PROBLEM REQUIREMENTS ->
From the material below, reproduce exactly the stretch of lines that begins with the line holding "Managing your orders" and ends with the line holding "What's up guys, welcome", skipping the pictures.

PROVIDED RECORDS ->
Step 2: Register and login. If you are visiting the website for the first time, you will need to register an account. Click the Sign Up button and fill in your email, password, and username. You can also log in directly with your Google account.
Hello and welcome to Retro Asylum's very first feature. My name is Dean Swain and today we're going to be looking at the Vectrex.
---
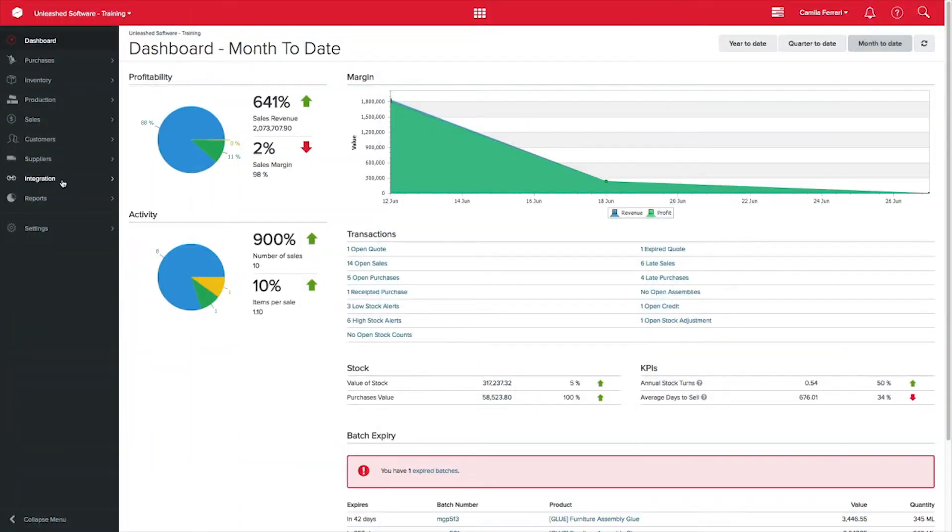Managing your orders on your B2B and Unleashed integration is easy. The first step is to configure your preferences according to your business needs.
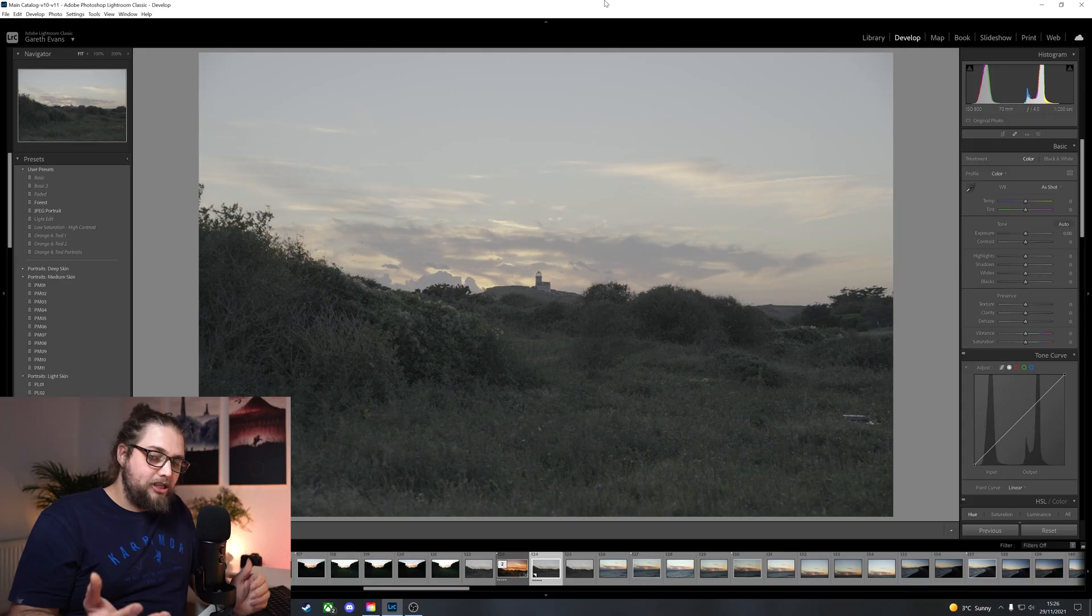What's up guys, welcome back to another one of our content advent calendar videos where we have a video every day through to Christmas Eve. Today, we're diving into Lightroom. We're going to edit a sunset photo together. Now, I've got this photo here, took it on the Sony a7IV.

RESULT ->
Managing your orders on your B2B and Unleashed integration is easy. The first step is to configure your preferences according to your business needs.
What's up guys, welcome back to another one of our content advent calendar videos where we have a video every day through to Christmas Eve. Today, we're diving into Lightroom. We're going to edit a sunset photo together. Now, I've got this photo here, took it on the Sony a7IV.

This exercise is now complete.